Set the records down again, exactly, without their images.

Start of DATA FOR PROCESSING

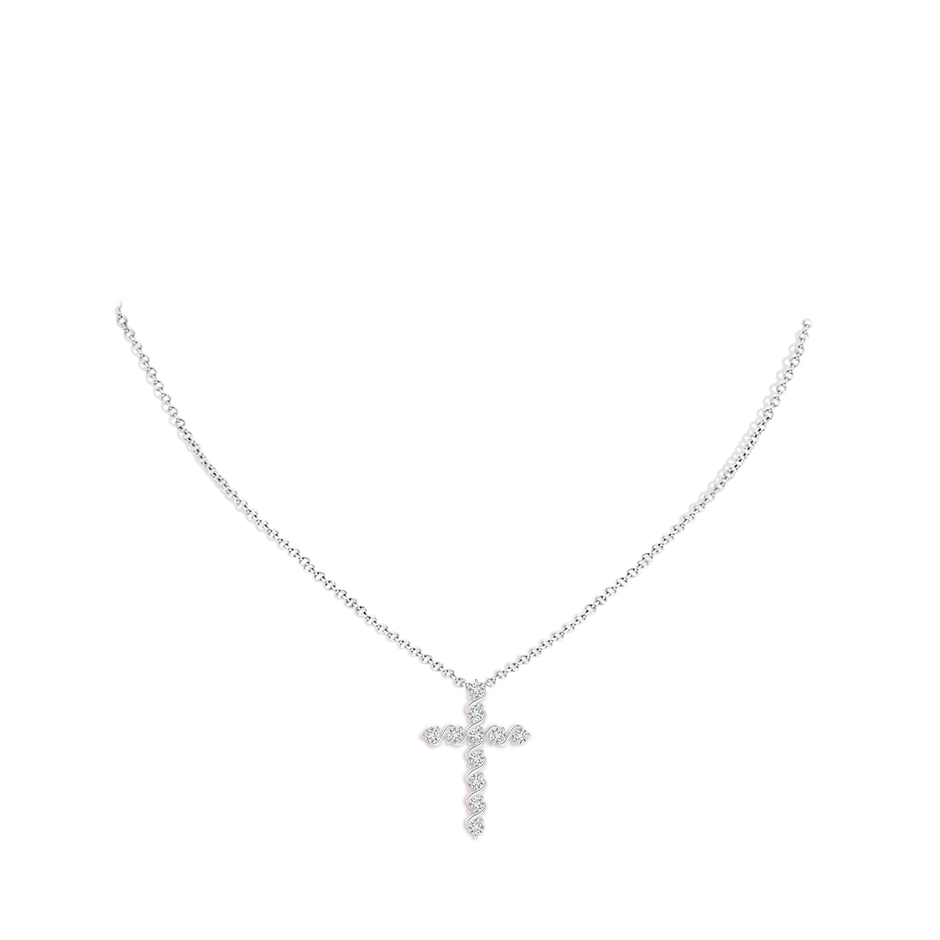 1.6mm HSI2 Prong and Bar Set Diamond Cross Pendant in White Gold pen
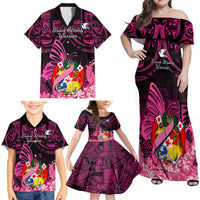Presonalised Tonga Breast Cancer Awareness Family Matching Off Shoulder Maxi Dress and Hawaiian Shirt Pink Ribbon Brave Strong Warrior Tongan Ngatu Pattern - Wonder Print Shop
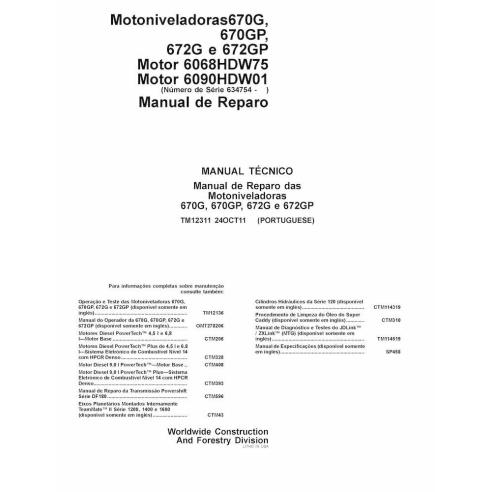 John Deere 670G, 670GP, 672G y 672GP Grader pdf manual técnico de reparación PT - John Deere manuales - JD-TM12311-PT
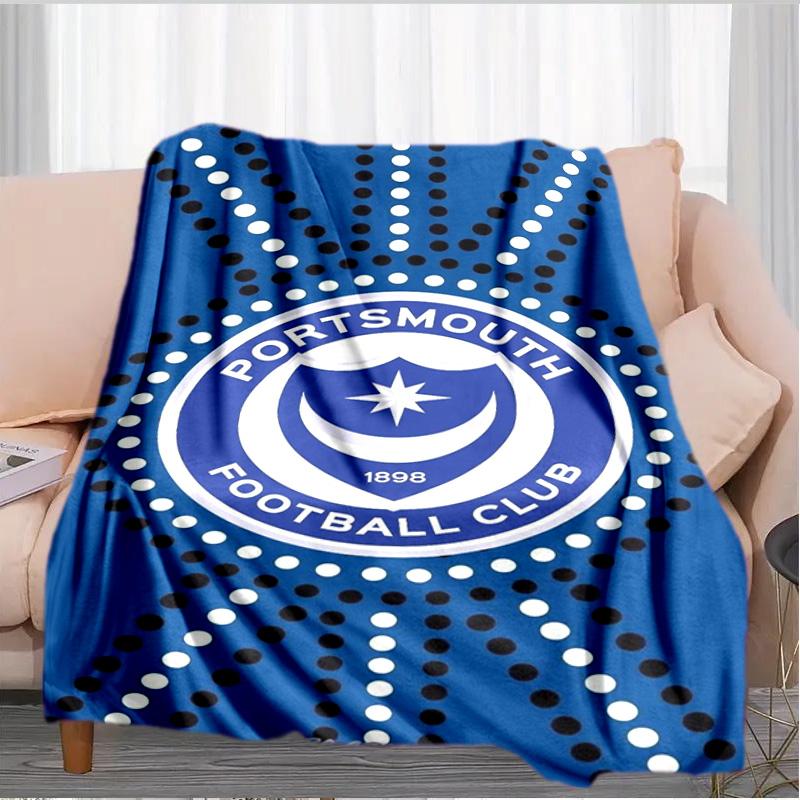 Ports-mouth Fc Anniversary Printed Throws Blanket Soft Flannel Blankets for Couch Bed Gifts for Men Women Picnic blanket Christmas gifts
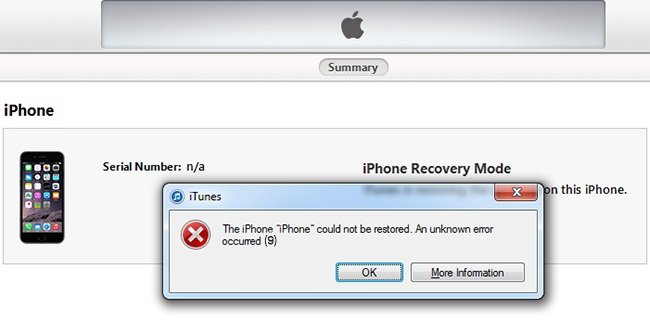 Resolver el código de error 9 en iTunes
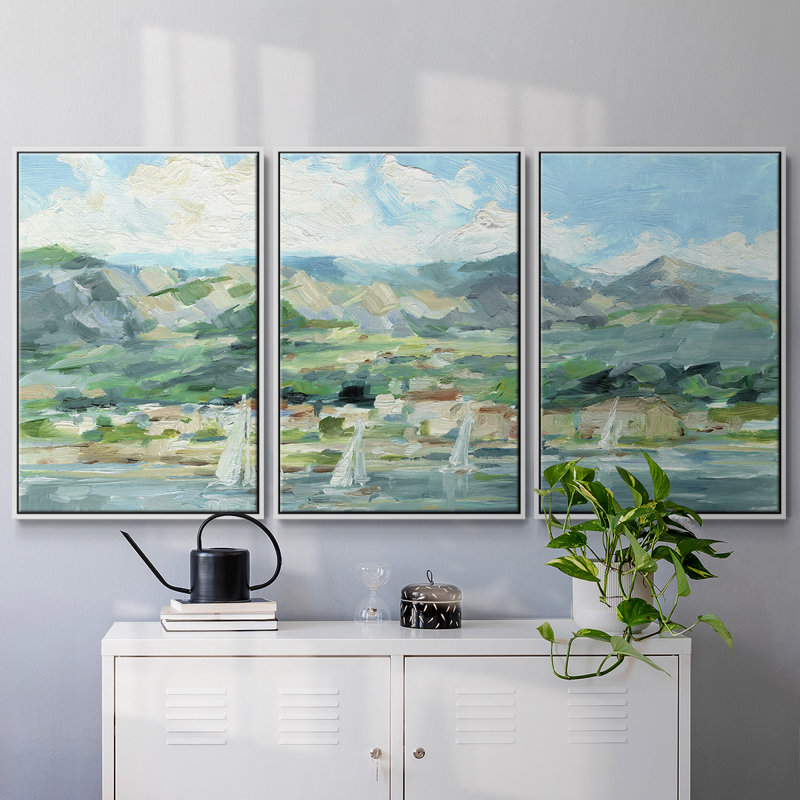" Sailing Along The Coast II " 3 - Pieces, 40" H x 78" W x 2" D, White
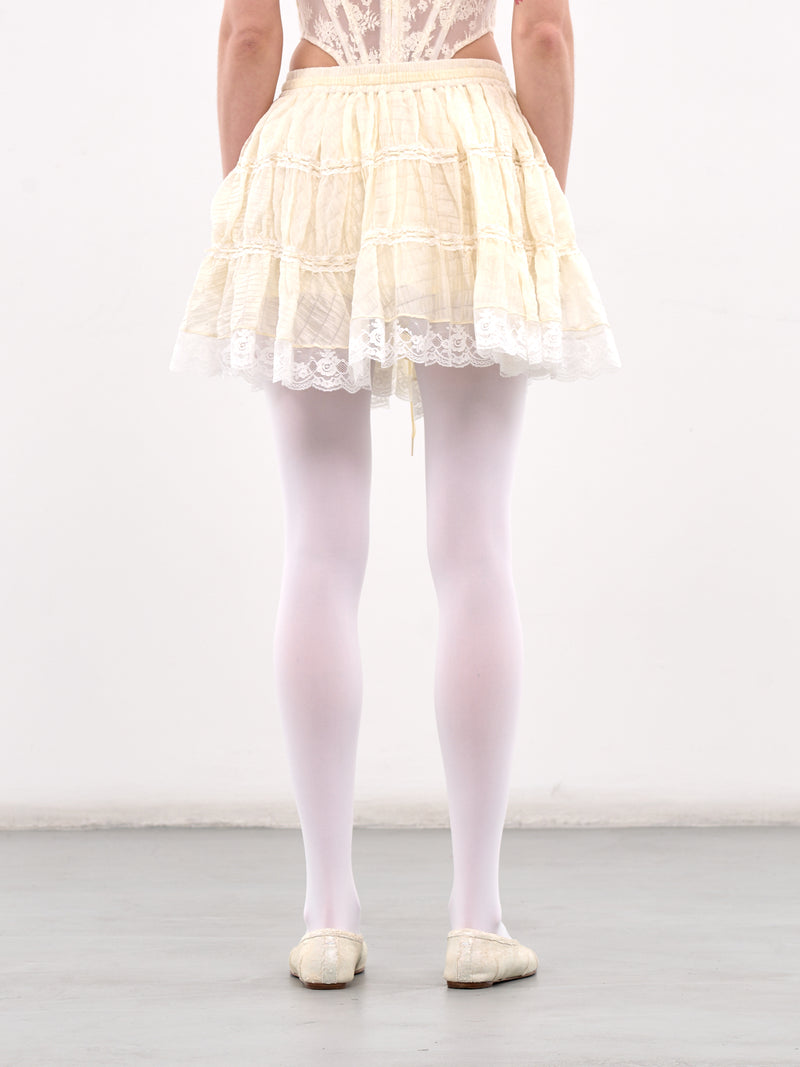 Elasticated Ruffle Mini Skirt (00SK03-IVORY)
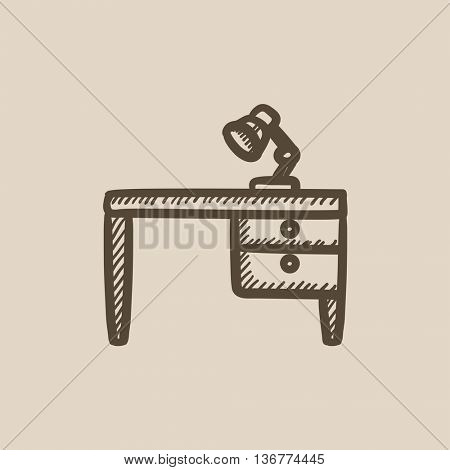 Desk lamp on table vector sketch icon isolated on background. Hand drawn Desk lamp on table icon. Desk lamp on table sketch icon for infographic, website or app.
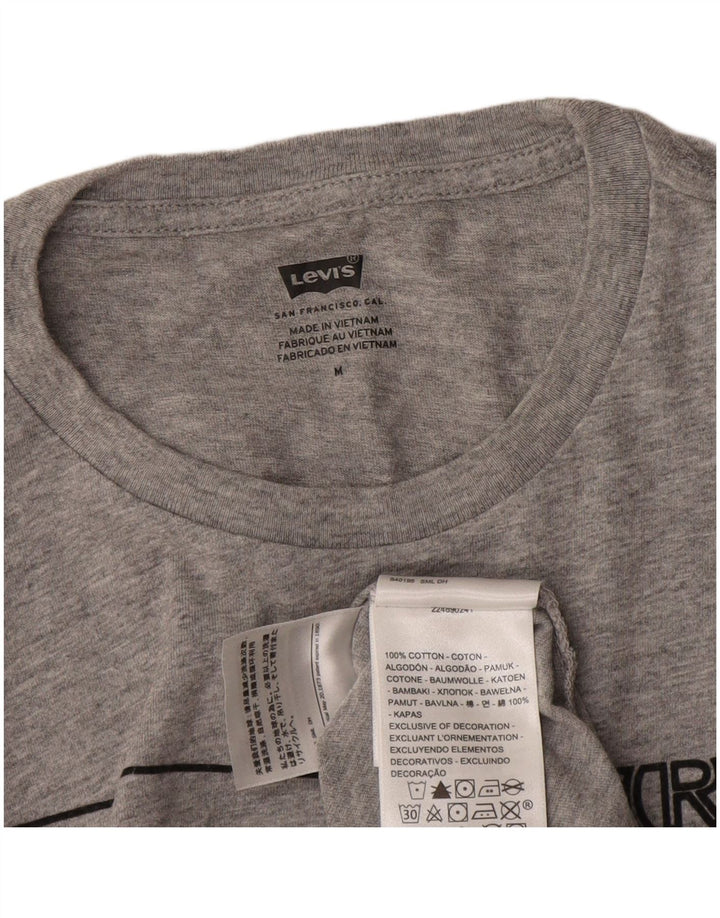 Levi's Hombre Camiseta Gráfica Top Algodón Gris Medio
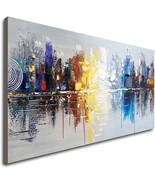Decorative Wall Art (48 X 24 Inches) Hand Painted Cityscape Modern Oil P... - £92.42 GBP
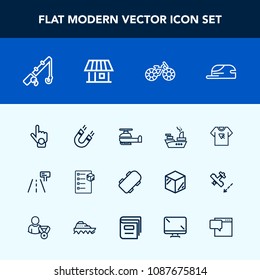 Modern, simple vector icon set with reel, tshirt, sea, transportation, cap, index, extreme, rod, board, road, helicopter, traffic, transport, magnetic, print, fishing, fish, bicycle, hat, field icons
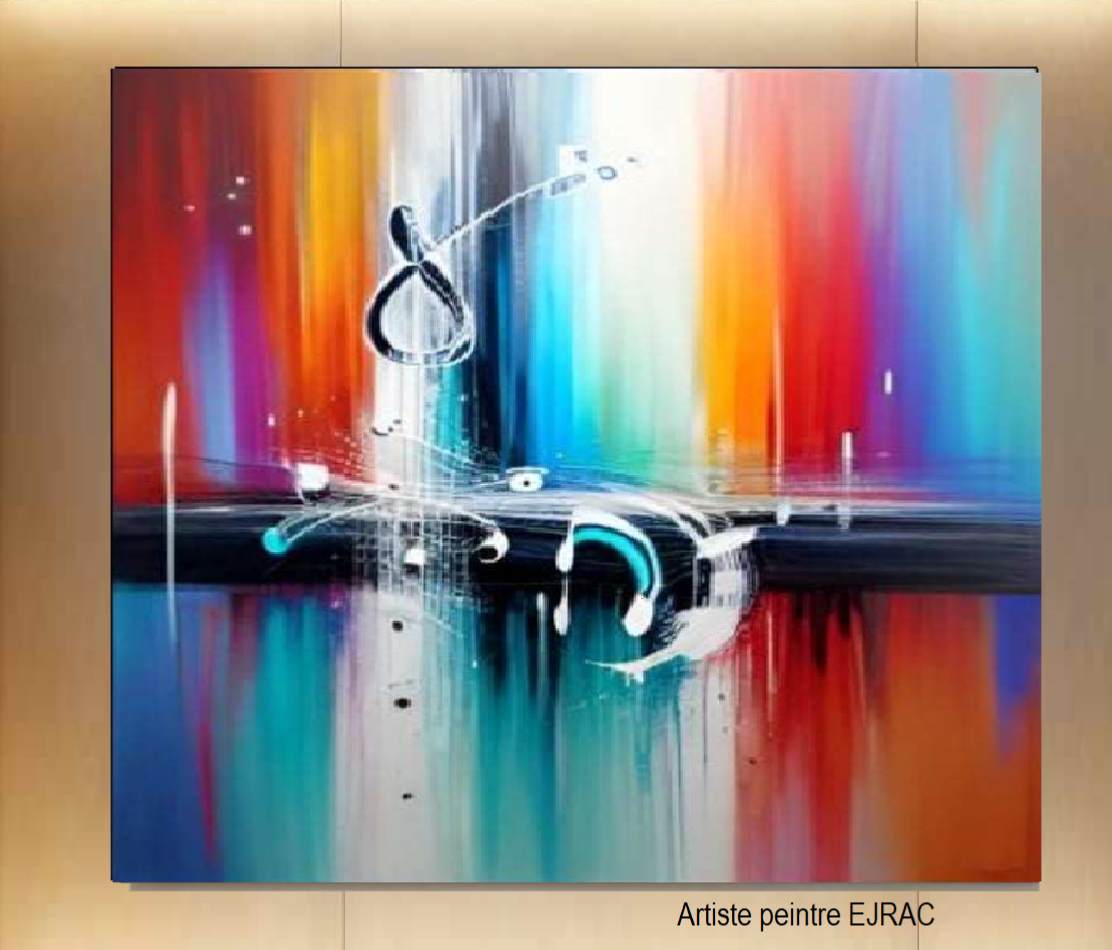 Grand Tableau Multicolore XXL 100x100cm peint main EJRAC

End of DATA FOR PROCESSING

**ANSWER FOR THE TASK**.
 1.6mm HSI2 Prong and Bar Set Diamond Cross Pendant in White Gold pen
Presonalised Tonga Breast Cancer Awareness Family Matching Off Shoulder Maxi Dress and Hawaiian Shirt Pink Ribbon Brave Strong Warrior Tongan Ngatu Pattern - Wonder Print Shop
 John Deere 670G, 670GP, 672G y 672GP Grader pdf manual técnico de reparación PT - John Deere manuales - JD-TM12311-PT
 Ports-mouth Fc Anniversary Printed Throws Blanket Soft Flannel Blankets for Couch Bed Gifts for Men Women Picnic blanket Christmas gifts
 Resolver el código de error 9 en iTunes
" Sailing Along The Coast II " 3 - Pieces, 40" H x 78" W x 2" D, White
 Elasticated Ruffle Mini Skirt (00SK03-IVORY)
 Desk lamp on table vector sketch icon isolated on background. Hand drawn Desk lamp on table icon. Desk lamp on table sketch icon for infographic, website or app.
 Levi's Hombre Camiseta Gráfica Top Algodón Gris Medio
Decorative Wall Art (48 X 24 Inches) Hand Painted Cityscape Modern Oil P... - £92.42 GBP
 Modern, simple vector icon set with reel, tshirt, sea, transportation, cap, index, extreme, rod, board, road, helicopter, traffic, transport, magnetic, print, fishing, fish, bicycle, hat, field icons
 Grand Tableau Multicolore XXL 100x100cm peint main EJRAC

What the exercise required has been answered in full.